The same article by Wedderburn shows how iterated reweighted least-squares is equivalent to the Gauss-Newton method of optimizing the likelihood function (and mentioned in Kjetil's answer).

About the article.

I find it confusing. I am not sure what the point is that it wants to make. You write

The insights discussed here are known in the statistics community [1, 2], but less so in the high-energy physics community.

It is admirable to explain the points from those two references. But which insights are being shared is not so clear to me. There seems to be a thing about computation speed differences (or the number of iterations, which is different than speed) and robustness differences (whatever that might mean) between using the iterated reweighted least squares method and the MIGRAD and MINUIT algorithms, but this is not made very clear (and my intuition tells me that IRLS is just like Gauss-Newton, also a straightforward minimizer of the likelihood, where it is not clear why this should be better than MIGRAD or MINUIT). Figure 1 shows something but I do not understand how it makes it more clear or whether it is even sufficient (heuristic) proof/indication.

About the derivation.

We start by considering a histogram of $k$ samples $x_i$. Since the samples are independently drawn from a PDF, the histogram counts $n_l$ are uncorrelated and Poisson-distributed. Following the IWLS approach, we minimize the function

$$Q( \mathbf{p} ) = \sum_l \frac{( n_l − kP_l )^2}{k \hat{P̂}_l}$$

and iterate, where $P_l ( \mathbf{p} ) = \int_{x_l}^{x_l + \delta x} f(x;\mathbf{p}) dx$ is the expected fraction of the samples in bin $l$...
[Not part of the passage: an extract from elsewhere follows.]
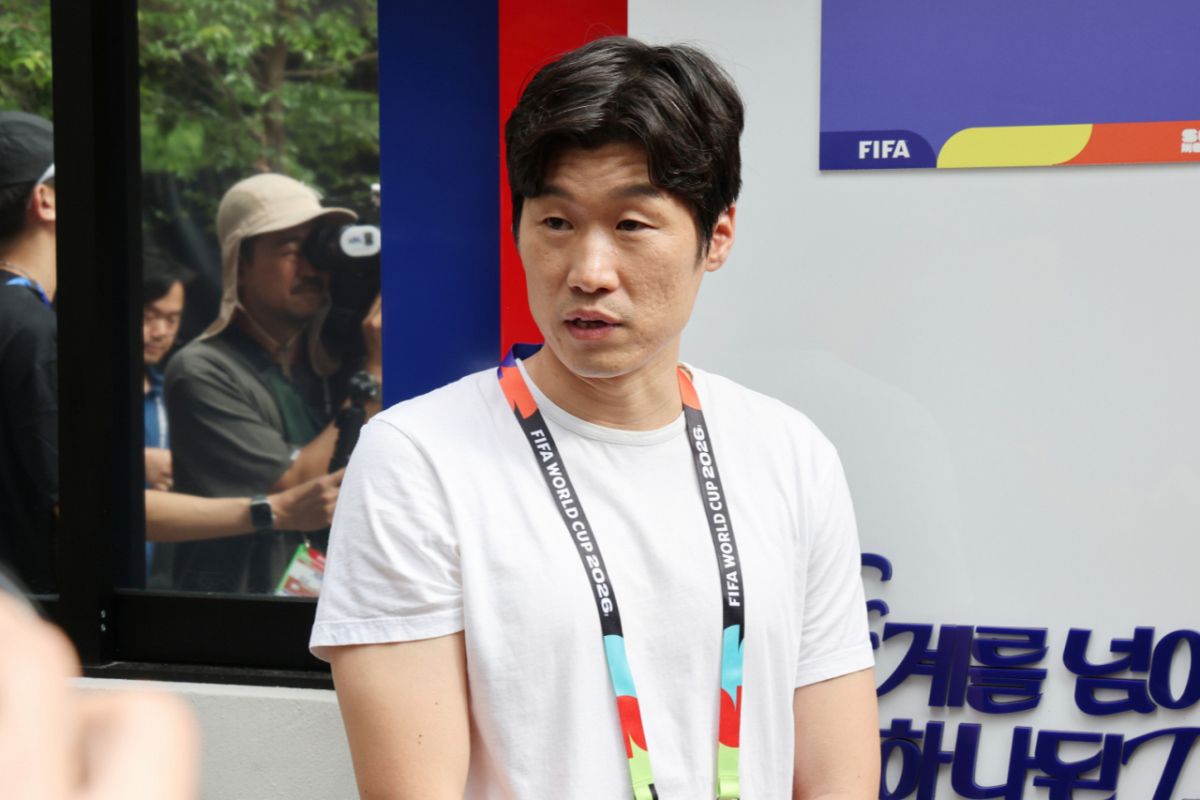 국가대표 축구선수 출신 박지성이 지난 11일(한국시간) 멕시코 과달라하라 인근 사포판의 대한민국 축구 국가대표팀 훈련장에서 취재진과 만나 인터뷰 중인 모습. /사진=뉴스1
I do not see this as a typical iterated reweighted least-squares method where you only assume the variance as a function of the mean.

Instead, in this derivation, you use very explicitly the distribution density $f(x;\mathbf{p})$ as a starting point and not only the variance of the distribution as a function of mean of the distribution.

What you are basically doing is showing that a discretized version of likelihood maximization by histograms and by means of Poisson distribution for the distribution in the bins is asymptotically equal to a continuous likelihood maximization. (You are basically finding the distribution that optimizes Pearson's Chi-squared statistic and then take the limit of bin sizes to zero).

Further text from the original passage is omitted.